Once we have the Z value we go ahead to calculate the p-value, based on which we will be able to accept or reject the null hypothesis .

#### Example Using Python & Jupyter Notebook:

So let’s try to understand the above given steps using a practical example .

#### Install Anaconda distribution:

By following the given link anaconda download the latest version for python based on your OS. This will come up with pre-installed Jupyter notebook and required python packages likes **pandas**, **scipy** etc.

Once you are done with installation, launch your Jupyter notebook and write the following code(copy the below code ) to get started .

**Import The Required Package:**

Let’s important some relevant python packages as shown below and create a dataframe by reading “**pima-indians-diabetes.csv**” sourced from a **Kaggle**

import pandas as pd

import numpy as np

import scipy

import matplotlib.pyplot as plt

import scipy.stats as st

import seaborn as sns

#Reading CSV file into df as pandas dataframe

df= pd.read_csv(“pima-indians-diabetes.csv”)

Let’s view the dataframe by calling the method df.head(20) to view the data series in the given sample data set.

df.head(20)

### Step 1: Let’s Formulate Our Null and Alternate Hypothesis:

#### Null Hypothesis:

# H0: The difference in the mean between sample BP(**Press** column visible above in dataframe table ) column and population mean for BP is a statistical fluctuation.

#### Alternate Hypothesis:

# H1 — The difference in **Mean** between sample BP column and population mean is significant, and is not a case of mere statistical fluctuation

### Step 2: Let’s Calculate Z Stat (Z Test):

As we have already discussed about Z stats formula,

#### Z = (M — μ)/ SE

Where, M is the **mean** sample to be standardized, μ(mu) is the population mean and SE is the standard error of the mean.

So let’s do this calculation in Jupyter Notebook :

### Here is the code snippet to calculate Z test:

# Pre - Requisites - Number of samples >= 30, the mean and standard deviation of population should be known

# Here we have Avg and Standard Deviation for diastolic blood pressure = 71.3 with standard deviation of 7.2

## Let's Apply of Normal Deviate Z test on blood pressure(Press) column of given dataframe

#mu = μ

mu = 71.3 # source - http://sphweb.bumc.bu.edu/otlt/MPH-Modules/BS/BS704_BiostatisticsBasics/BS704_BiostatisticsBasics3.html

std = 7.2

#Let's find the M, mean of BP column(Press) in a given data frame

MeanOfBpSample = np.average( df['Pres'])

print("Mean Of BP Column", MeanOfBpSample)

SE= std/np.sqrt(df.size) #sf.size id the total size of

# Z_norm_deviate = sample_mean - population_mean /std_error_bp

Z_norm_deviate = (MeanOfBpSample - mu) / SE

print("Normal Deviate Z Value: ", Z_norm_deviate)

If you type the above code in your notebook you will be able to see the below given output

Mean Of BP Column 69.10546875

Standard Error: 0.08660254037844387

Normal Deviate Z value : -25.340264158650886

Now that we know the Z Test Value, let’s find our p-value

### Calculating P-Value, Code Snippet:

# We will be using scipy stats normal survival function sf

#Here we mulitply the sf fucntion with 2 for two sided p value #calcultion , a two tail test

p_value = scipy.stats.norm.sf(abs(Z_norm_deviate))*2

print('p values' , p_value)

if p_value > 0.05:

print('Samples are likely drawn from the same distributions (fail to reject H0)')

else:

print('Samples are likely drawn from different distributions (reject H0)')

If you run the above code snippet in Jupyter you will get the following outcome:

#### Step 3: Analyze the Z value to interpret P-Value

As you can see above, **p-value **comes out to be: **1.150581011903455e-141. As p-value is less than accepted industry standard of 0.05, **we can conclude that the given sample has not come from the same population distribution, on which process was built.

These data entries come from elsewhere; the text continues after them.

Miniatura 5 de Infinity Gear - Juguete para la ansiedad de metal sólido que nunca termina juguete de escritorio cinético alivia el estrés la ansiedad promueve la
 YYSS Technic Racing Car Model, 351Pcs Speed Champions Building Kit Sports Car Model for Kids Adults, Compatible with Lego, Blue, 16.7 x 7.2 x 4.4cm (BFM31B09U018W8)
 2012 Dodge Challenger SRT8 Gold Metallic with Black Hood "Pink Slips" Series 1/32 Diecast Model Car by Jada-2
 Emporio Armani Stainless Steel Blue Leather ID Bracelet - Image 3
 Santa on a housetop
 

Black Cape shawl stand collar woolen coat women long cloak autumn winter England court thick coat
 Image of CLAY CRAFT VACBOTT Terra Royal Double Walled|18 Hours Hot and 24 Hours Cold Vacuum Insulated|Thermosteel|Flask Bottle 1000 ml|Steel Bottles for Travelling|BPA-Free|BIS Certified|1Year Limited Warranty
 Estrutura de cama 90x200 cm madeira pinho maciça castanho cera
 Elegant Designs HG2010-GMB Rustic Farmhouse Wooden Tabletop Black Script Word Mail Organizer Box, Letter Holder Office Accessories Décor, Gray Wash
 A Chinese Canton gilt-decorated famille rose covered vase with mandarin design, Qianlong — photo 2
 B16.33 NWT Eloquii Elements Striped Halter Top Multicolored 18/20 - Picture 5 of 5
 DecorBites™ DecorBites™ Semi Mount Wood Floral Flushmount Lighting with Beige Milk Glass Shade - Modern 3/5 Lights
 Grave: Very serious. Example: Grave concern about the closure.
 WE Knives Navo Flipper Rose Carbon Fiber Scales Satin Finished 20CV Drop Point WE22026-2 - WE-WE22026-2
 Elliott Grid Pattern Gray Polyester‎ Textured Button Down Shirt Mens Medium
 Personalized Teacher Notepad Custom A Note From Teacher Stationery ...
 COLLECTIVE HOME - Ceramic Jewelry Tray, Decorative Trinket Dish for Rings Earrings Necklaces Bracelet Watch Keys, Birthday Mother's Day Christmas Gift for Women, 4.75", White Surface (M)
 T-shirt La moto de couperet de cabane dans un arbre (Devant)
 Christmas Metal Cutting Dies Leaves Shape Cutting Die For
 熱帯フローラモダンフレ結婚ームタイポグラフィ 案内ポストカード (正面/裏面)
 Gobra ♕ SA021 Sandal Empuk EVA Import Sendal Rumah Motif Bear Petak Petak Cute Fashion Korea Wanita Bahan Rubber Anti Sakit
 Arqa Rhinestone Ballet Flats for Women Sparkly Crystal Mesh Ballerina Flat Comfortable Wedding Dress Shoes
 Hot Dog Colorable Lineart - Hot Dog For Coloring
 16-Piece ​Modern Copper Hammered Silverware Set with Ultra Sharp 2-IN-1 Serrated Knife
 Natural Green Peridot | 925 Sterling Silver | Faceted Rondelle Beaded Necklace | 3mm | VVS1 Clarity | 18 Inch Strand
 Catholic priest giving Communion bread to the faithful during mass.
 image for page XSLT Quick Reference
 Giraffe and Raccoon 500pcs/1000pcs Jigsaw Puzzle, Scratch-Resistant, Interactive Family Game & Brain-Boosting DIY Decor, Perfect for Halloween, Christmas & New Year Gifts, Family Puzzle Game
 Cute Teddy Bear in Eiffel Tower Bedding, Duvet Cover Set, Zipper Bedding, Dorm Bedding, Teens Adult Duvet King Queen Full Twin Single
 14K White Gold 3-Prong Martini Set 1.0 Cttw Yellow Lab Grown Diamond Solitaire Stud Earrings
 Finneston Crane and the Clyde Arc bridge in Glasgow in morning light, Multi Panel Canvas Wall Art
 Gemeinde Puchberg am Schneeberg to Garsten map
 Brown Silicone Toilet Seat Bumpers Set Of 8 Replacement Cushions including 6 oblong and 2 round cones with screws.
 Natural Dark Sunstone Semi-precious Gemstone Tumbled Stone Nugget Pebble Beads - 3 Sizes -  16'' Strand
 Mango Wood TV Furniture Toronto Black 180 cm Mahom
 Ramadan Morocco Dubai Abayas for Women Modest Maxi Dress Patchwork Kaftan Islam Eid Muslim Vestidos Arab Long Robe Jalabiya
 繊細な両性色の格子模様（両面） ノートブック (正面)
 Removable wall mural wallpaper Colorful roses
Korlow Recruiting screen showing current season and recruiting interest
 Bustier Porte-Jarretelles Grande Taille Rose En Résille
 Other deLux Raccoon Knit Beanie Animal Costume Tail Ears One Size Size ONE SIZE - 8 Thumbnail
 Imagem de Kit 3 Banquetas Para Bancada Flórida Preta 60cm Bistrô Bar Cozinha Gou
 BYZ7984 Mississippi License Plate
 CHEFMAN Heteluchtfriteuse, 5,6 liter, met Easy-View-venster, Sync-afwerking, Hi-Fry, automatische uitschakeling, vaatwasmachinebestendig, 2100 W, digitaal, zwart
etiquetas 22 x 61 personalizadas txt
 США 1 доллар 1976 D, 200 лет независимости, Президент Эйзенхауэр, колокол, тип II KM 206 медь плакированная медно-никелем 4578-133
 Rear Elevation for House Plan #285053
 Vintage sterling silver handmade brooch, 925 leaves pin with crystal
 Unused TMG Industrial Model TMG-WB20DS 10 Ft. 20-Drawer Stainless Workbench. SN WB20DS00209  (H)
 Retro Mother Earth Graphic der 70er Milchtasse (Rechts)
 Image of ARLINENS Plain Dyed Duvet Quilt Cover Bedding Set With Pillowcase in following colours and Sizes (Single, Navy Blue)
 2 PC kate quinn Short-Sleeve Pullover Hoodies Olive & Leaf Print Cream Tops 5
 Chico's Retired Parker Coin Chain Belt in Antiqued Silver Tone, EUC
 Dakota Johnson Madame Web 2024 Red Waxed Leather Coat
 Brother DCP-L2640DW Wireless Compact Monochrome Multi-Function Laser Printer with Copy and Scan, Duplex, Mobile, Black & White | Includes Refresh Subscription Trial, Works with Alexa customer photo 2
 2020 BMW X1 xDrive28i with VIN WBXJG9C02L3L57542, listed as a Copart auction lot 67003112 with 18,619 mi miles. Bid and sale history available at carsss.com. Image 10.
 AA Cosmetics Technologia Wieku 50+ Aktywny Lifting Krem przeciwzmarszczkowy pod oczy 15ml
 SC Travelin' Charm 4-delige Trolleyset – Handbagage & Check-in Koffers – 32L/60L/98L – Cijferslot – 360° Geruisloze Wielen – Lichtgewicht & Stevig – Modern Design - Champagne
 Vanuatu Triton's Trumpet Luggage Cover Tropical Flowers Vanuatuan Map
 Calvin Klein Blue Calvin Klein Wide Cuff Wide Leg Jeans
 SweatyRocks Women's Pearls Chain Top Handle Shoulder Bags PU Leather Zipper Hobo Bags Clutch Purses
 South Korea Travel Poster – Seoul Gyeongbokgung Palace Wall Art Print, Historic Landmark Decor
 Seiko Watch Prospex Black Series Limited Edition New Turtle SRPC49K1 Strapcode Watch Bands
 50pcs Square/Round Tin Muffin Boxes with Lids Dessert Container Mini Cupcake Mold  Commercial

There is a significant difference in **Means** between sample BP column and population mean, so we have to reject the Null hypothesis H0, and accept alternate hypothesis:H1.

*As we reject the null hypothesis here using normal Z deviate test, it will be recommended to avoid building any ML model on this sample data.*

Aspiring/working data engineers need to have a clear understanding of p value. As this will be the basis of performing most of the statistical data reliability test . So let me quickly cover few basic stuff about the same here and we will look into it more deeply in the special article which I will frame only around **P value **for you all.

#### What Is P Value?

*The p-value, or probability value, tells us the probability of getting a value as small or as large as the one observed in the sample, given that our null hypothesis is true.*

### How to calculate p-value in general ?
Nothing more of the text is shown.